● **Task to complete**
Provide an exact copy of the data, excluding the images.

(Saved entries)
◆ ◆ ◆ ◆ ◆ ◆ ◆

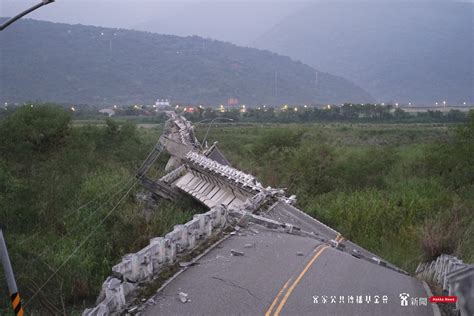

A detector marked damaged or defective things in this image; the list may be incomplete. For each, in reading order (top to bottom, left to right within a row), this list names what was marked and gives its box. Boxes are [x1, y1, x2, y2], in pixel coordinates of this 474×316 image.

cracked road surface [141, 223, 434, 314]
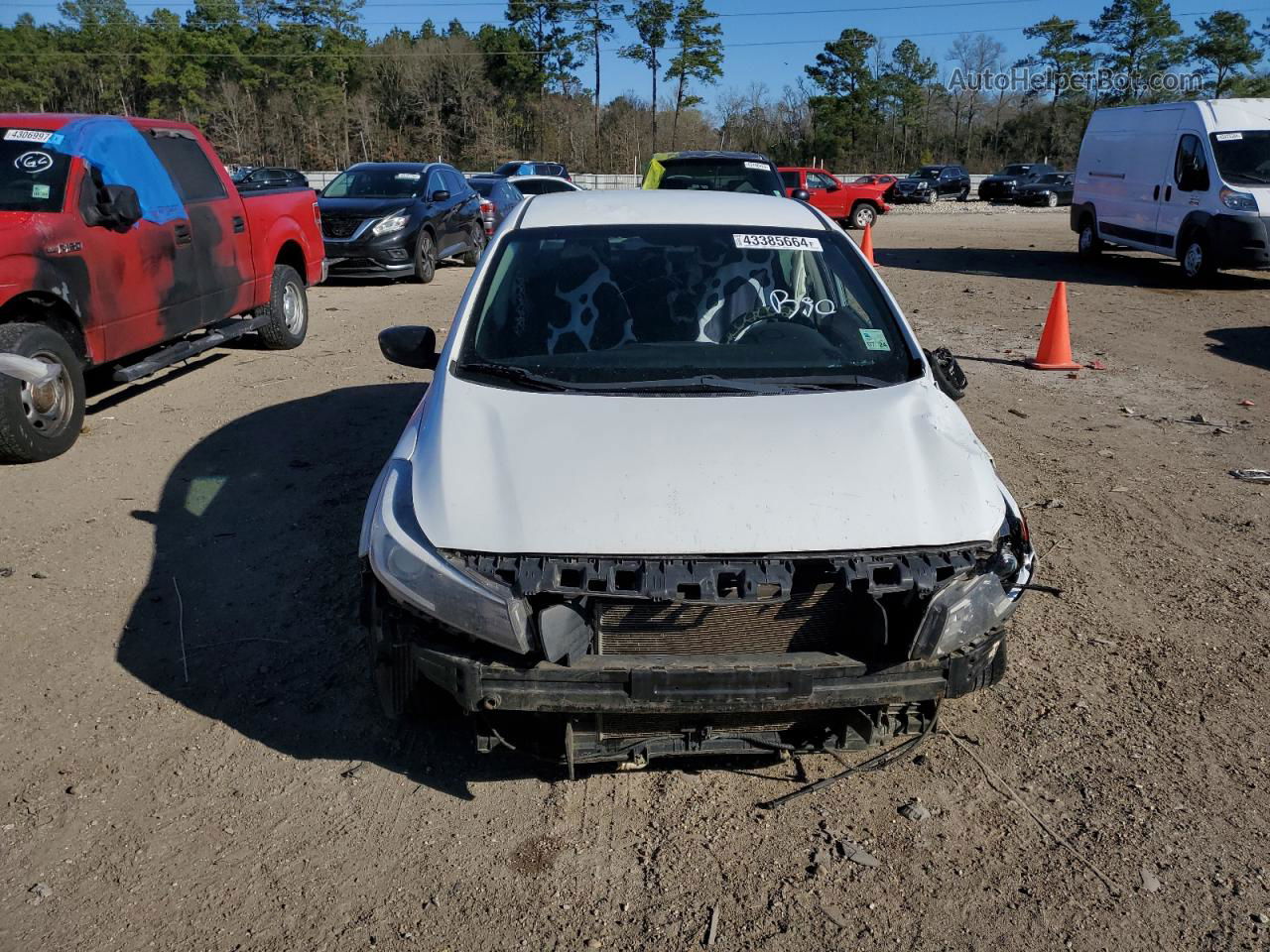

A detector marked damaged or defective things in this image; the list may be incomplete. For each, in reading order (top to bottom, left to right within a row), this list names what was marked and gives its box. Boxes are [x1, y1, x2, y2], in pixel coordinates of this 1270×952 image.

damaged front end of car [357, 451, 1031, 772]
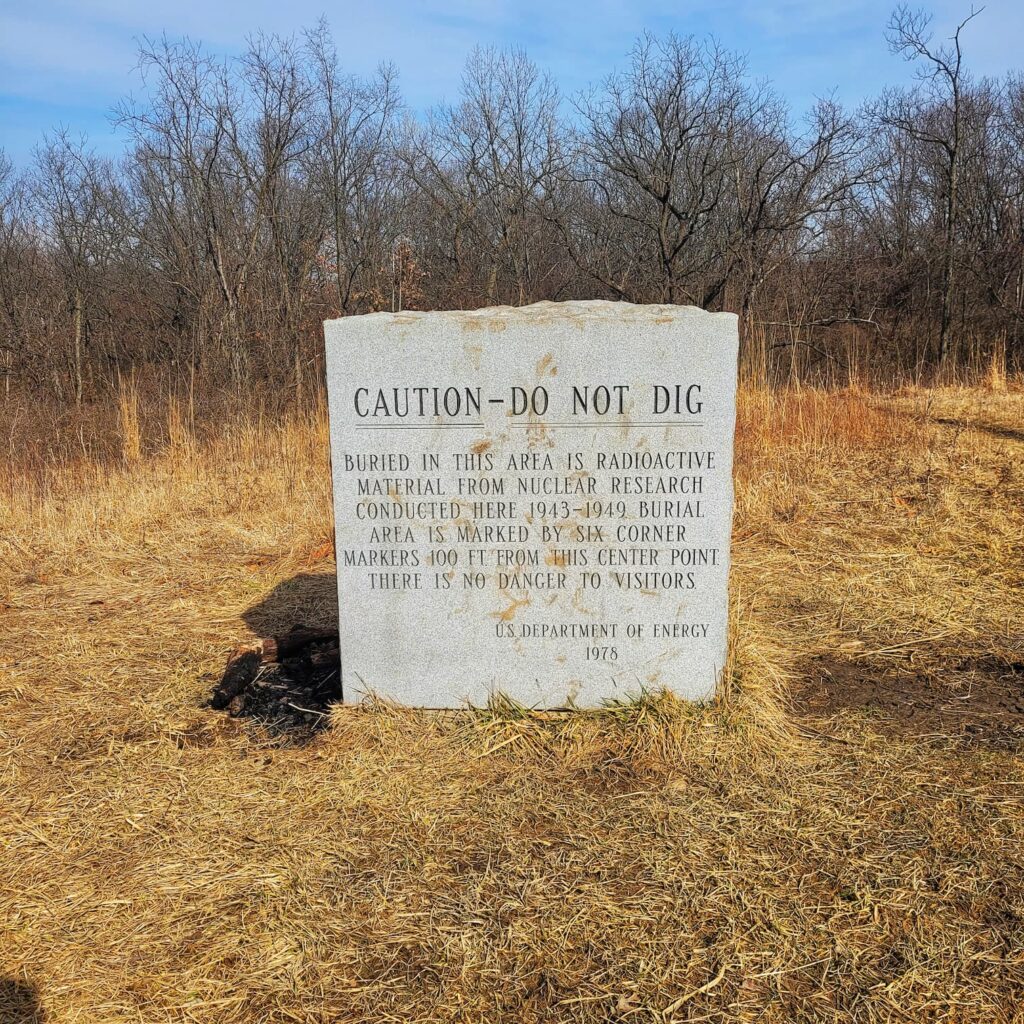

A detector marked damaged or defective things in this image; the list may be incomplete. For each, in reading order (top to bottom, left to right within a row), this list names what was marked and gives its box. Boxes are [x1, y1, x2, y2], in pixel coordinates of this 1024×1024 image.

burnt patch of ground [209, 622, 342, 737]
burnt patch of ground [794, 651, 1024, 749]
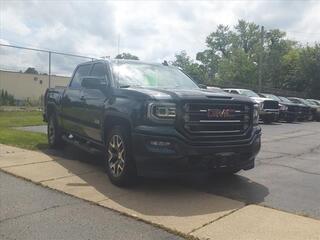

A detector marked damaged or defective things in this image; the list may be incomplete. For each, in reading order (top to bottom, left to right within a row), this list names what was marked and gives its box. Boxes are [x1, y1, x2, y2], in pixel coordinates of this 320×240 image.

crack in asphalt [0, 202, 84, 223]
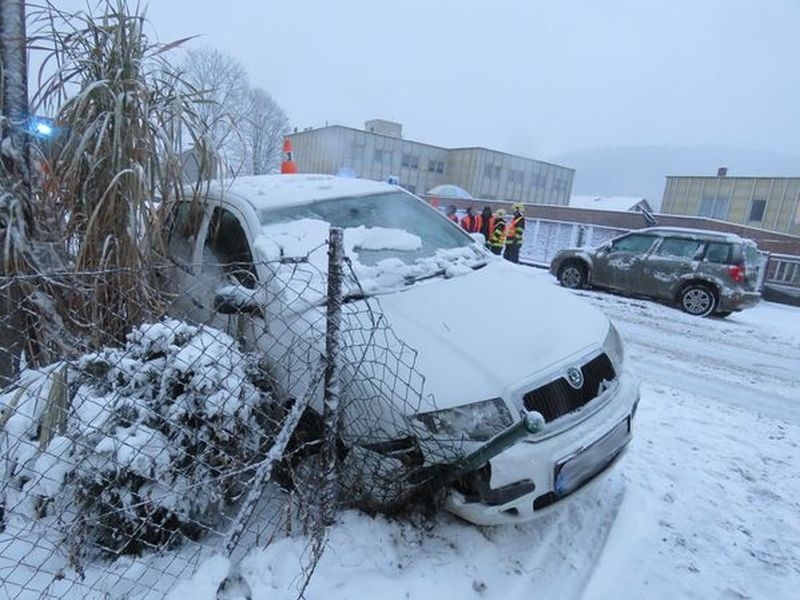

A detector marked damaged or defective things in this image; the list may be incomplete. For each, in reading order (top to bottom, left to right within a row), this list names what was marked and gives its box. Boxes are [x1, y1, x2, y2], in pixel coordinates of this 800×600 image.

bent chain-link fence [0, 227, 462, 596]
damaged white car [161, 173, 636, 524]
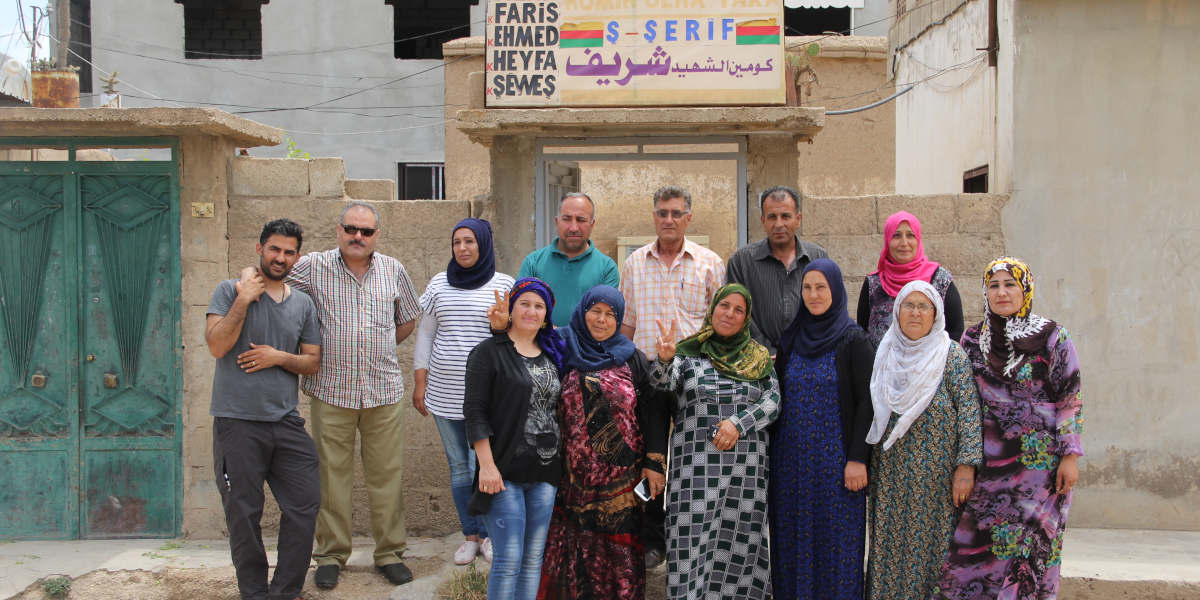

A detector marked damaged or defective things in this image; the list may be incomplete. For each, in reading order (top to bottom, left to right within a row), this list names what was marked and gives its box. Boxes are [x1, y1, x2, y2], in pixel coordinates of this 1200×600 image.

rusty metal object [31, 69, 80, 108]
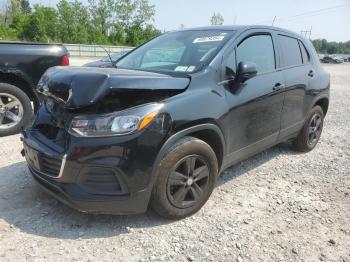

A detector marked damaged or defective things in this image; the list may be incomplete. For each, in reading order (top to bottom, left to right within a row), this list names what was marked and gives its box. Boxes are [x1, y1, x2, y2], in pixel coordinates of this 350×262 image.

crumpled hood [38, 67, 190, 109]
damaged front end [21, 66, 189, 214]
broken headlight [68, 102, 164, 137]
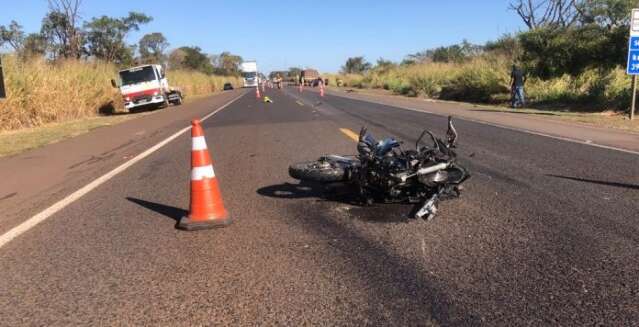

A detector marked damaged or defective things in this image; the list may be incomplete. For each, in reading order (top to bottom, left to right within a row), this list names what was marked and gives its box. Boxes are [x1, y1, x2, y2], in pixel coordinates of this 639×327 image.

damaged motorcycle [290, 116, 470, 222]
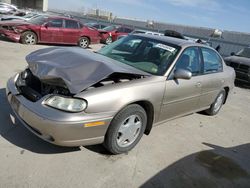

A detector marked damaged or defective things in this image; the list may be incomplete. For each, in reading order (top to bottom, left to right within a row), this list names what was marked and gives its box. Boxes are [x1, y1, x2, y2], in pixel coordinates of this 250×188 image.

broken headlight area [15, 68, 72, 102]
crumpled hood [26, 47, 149, 94]
front bumper damage [5, 74, 113, 147]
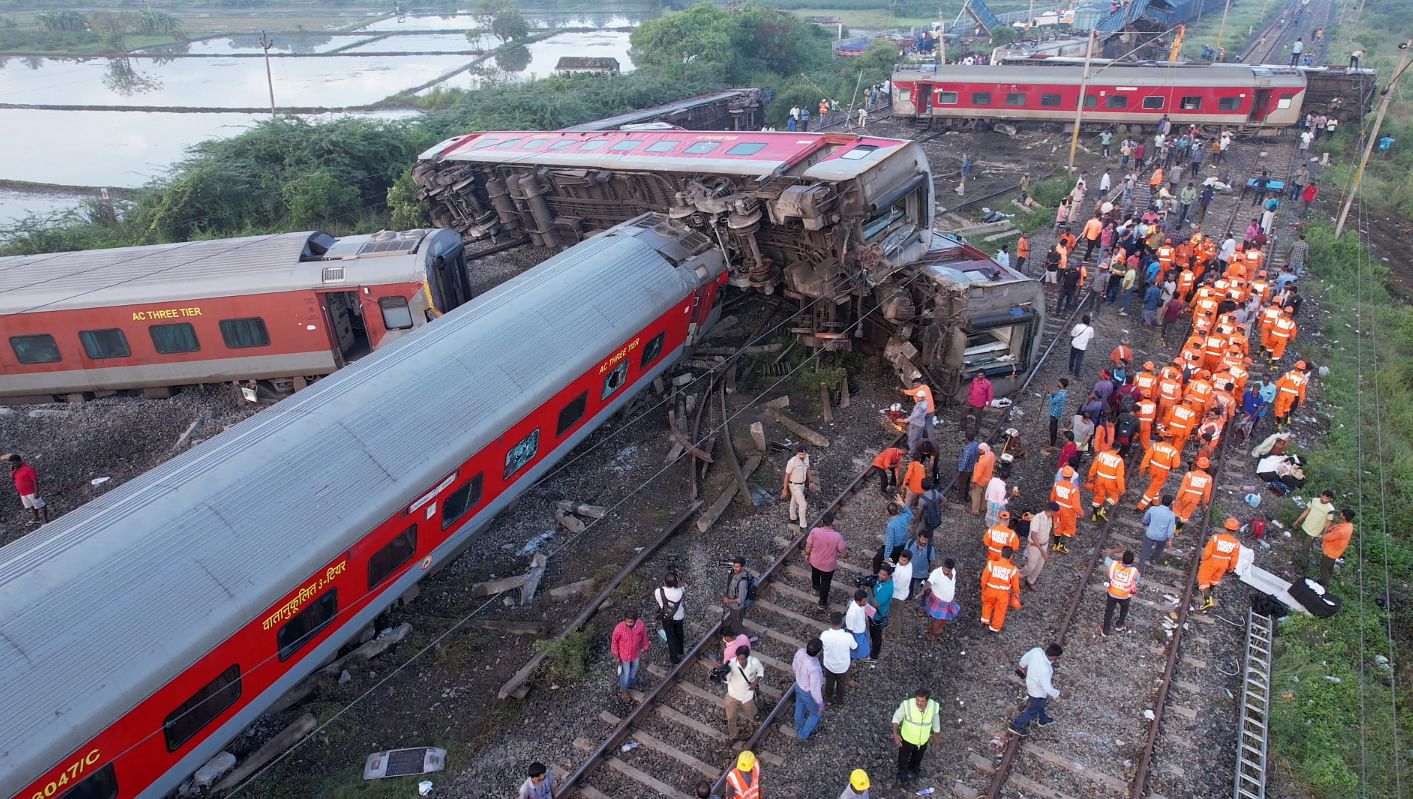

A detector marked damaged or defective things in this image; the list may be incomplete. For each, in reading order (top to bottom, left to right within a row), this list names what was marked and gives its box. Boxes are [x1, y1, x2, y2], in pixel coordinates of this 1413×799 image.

◆ ◆ ◆ ◆ ◆ ◆ ◆

● **Your solution**
A detector marked damaged or defective things in this image; the list may be incomplete. For each, in reading order (top to bottom, left to right within a row), this list names what was marked and gives its box. Boxes are [x1, y1, x2, y2], in pixel coordinates of this 474×316 image.

cracked road surface [141, 223, 434, 314]

A detector marked damaged or defective things in this image; the list may be incomplete. For each, in reading order (top to bottom, left to right within a row), this list names what was marked and gives its box. Boxes are [x1, y1, x2, y2], in pixel coordinates of this 1270×952 image.

damaged front end of car [357, 451, 1031, 772]

A detector marked damaged or defective things in this image; the list may be incomplete. For each, in reading order (top to bottom, left to right within a row), this list names what was marked and gives its box. Boxes are [x1, y1, x2, y2], in pixel coordinates of this 1024×1024 image.

burnt patch of ground [209, 622, 342, 737]
burnt patch of ground [794, 651, 1024, 749]

A detector marked damaged or defective things in this image; the list may be incomplete. For each, in reading order (top to bottom, left to right within a row), this list names what was marked and gives its box. Boxes are [x1, y1, x2, y2], in pixel coordinates of this 320×240 image.

crack in asphalt [0, 202, 84, 223]

A detector marked damaged or defective things in this image; the list may be incomplete. For each, in reading order (top to bottom, left to right within a row), this list names what was marked and gives its box. Boxes are [x1, y1, x2, y2], in pixel coordinates of this 800×600 image.

bent chain-link fence [0, 227, 462, 596]
damaged white car [161, 173, 636, 524]

A detector marked damaged or defective things in this image; the list may be incomplete. For each, in reading order (top to bottom, left to right within a row), this list names what was marked and gives its box. Boxes are [x1, y1, x2, y2], in pixel coordinates of this 1200×600 image.

rusty metal object [31, 69, 80, 108]

A detector marked damaged or defective things in this image; the list may be incomplete. For each, in reading order (top to bottom, left to right within a row), this list names what was marked and gives its box. Boxes are [x1, y1, x2, y2], in pixel coordinates of this 350×262 image.

crumpled hood [38, 67, 190, 109]
damaged front end [21, 66, 189, 214]
broken headlight [68, 102, 164, 137]

A detector marked damaged or defective things in this image; the list may be incomplete. For each, in reading order (top to bottom, left to right within a row), this list names what was marked and gives its box. Boxes are [x1, y1, x2, y2], in pixel coordinates of this 639×327 image.

damaged motorcycle [290, 116, 470, 222]

A detector marked damaged or defective things in this image; the list may be incomplete. For each, in reading order (top to bottom, left to right within a row), this list names what was marked and gives its box. Boxes are [x1, y1, x2, y2], in pixel coordinates of this 250×188 image.

broken headlight area [15, 68, 72, 102]
crumpled hood [26, 47, 149, 94]
front bumper damage [5, 74, 113, 147]

A detector marked damaged or defective things in this image; the list may be incomplete. For each, in reading order (top to bottom, left to right within a row), this list names what was marked and gives its box. Boxes are [x1, y1, x2, y2], in pixel coordinates of this 1413×799 image.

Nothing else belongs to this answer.